### TASK BRIEF
No pictures go into the copy. Write out exactly the lines below from the one containing "Moonybaby Oven Lock" through the one containing "2 Pezzi Stick".

-------- AVAILABLE DATA

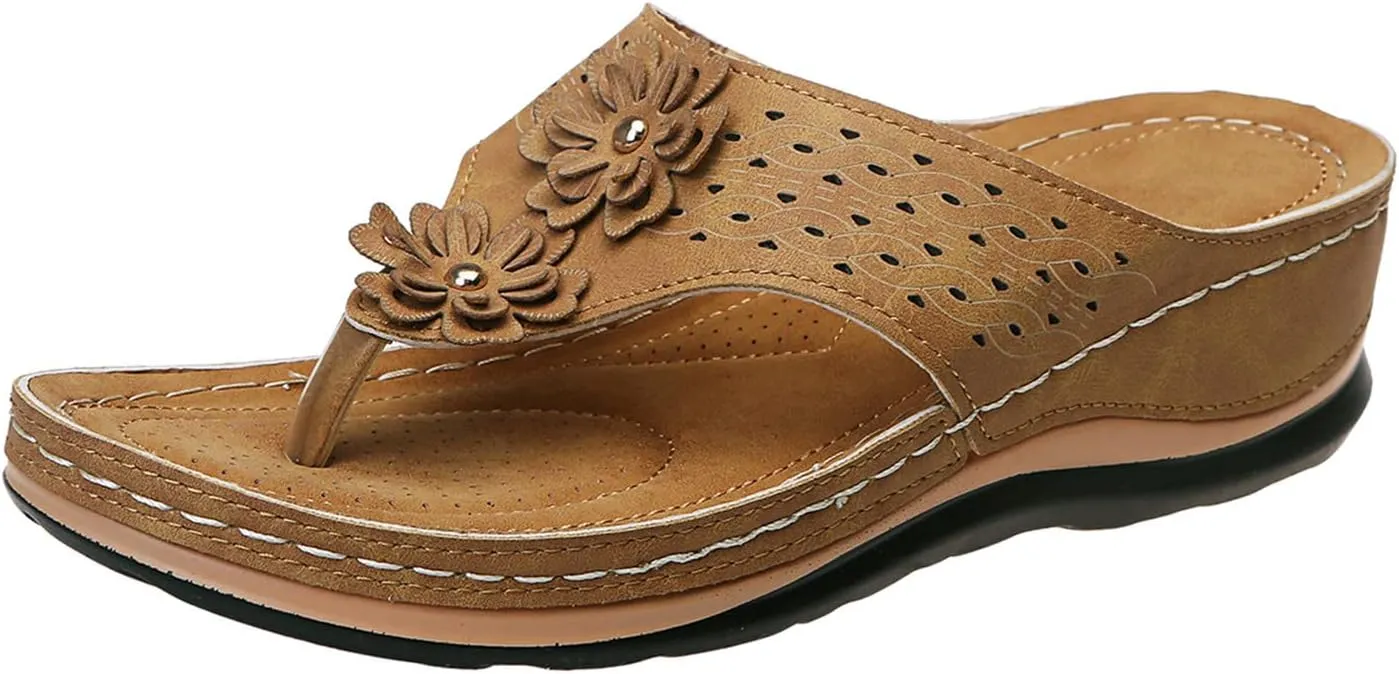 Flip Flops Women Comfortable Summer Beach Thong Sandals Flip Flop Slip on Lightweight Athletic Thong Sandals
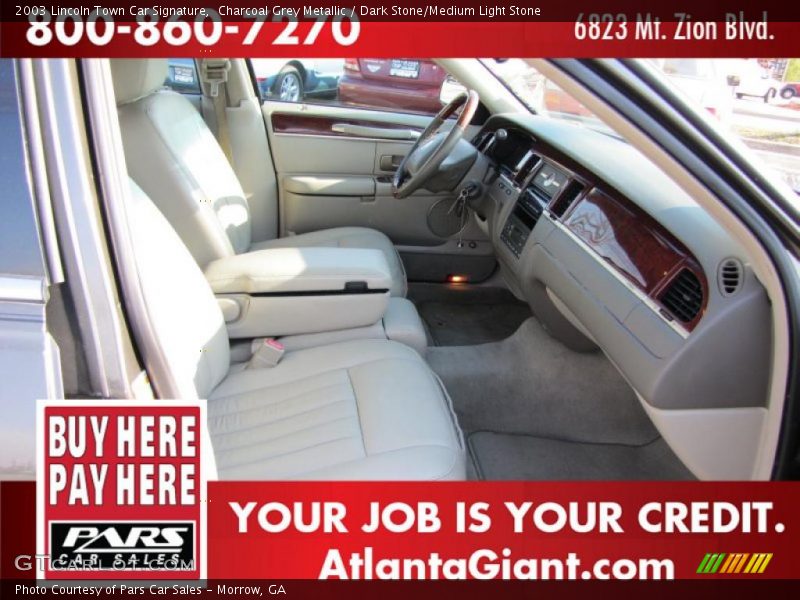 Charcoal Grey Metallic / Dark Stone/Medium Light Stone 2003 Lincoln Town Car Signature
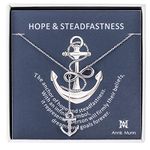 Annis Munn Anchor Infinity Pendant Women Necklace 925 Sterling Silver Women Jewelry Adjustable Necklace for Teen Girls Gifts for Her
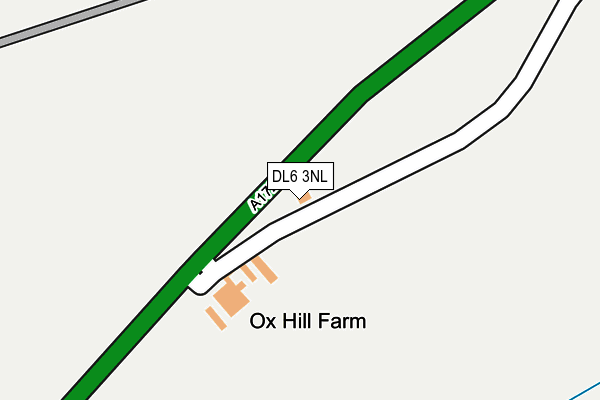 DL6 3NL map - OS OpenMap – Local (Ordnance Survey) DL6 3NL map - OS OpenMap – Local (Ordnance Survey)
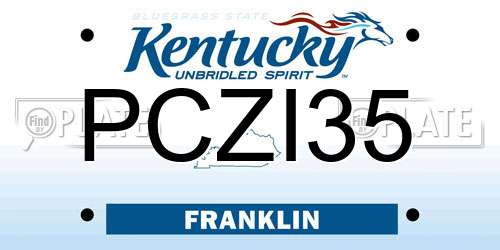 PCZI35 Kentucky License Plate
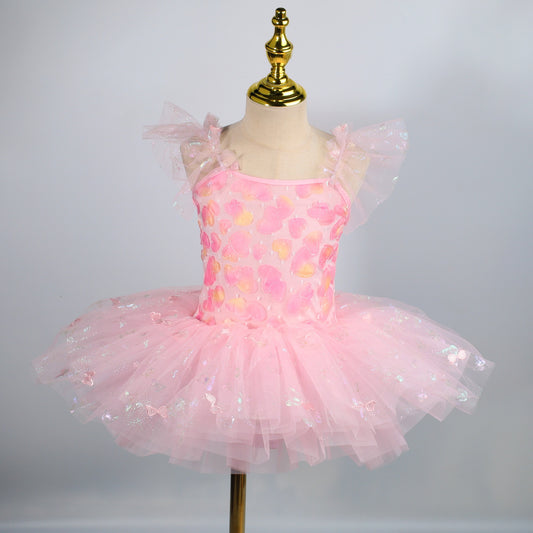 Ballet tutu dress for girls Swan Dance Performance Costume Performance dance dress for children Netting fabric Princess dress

----------------
-------- AVAILABLE DATA

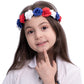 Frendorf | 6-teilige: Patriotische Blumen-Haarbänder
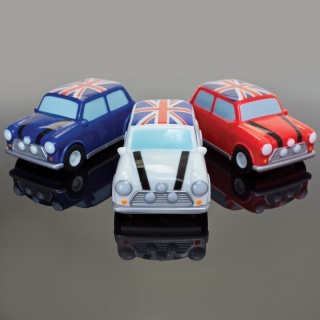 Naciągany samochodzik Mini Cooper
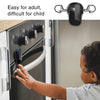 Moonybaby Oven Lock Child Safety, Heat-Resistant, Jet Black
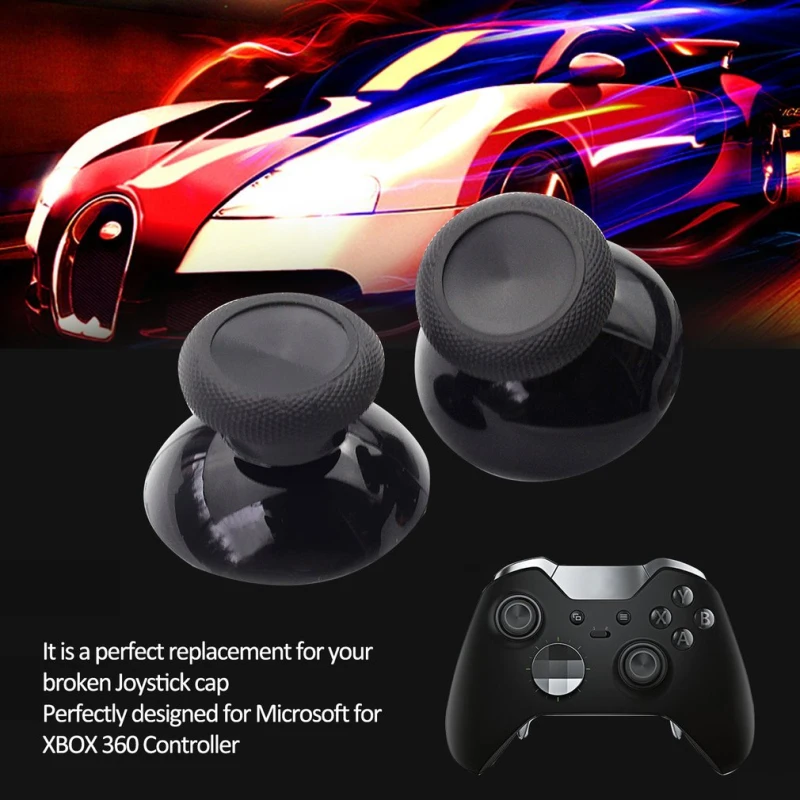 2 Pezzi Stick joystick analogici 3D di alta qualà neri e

----------------

### SOLUTION TO THE PROBLEM
 Moonybaby Oven Lock Child Safety, Heat-Resistant, Jet Black
 2 Pezzi Stick joystick analogici 3D di alta qualà neri e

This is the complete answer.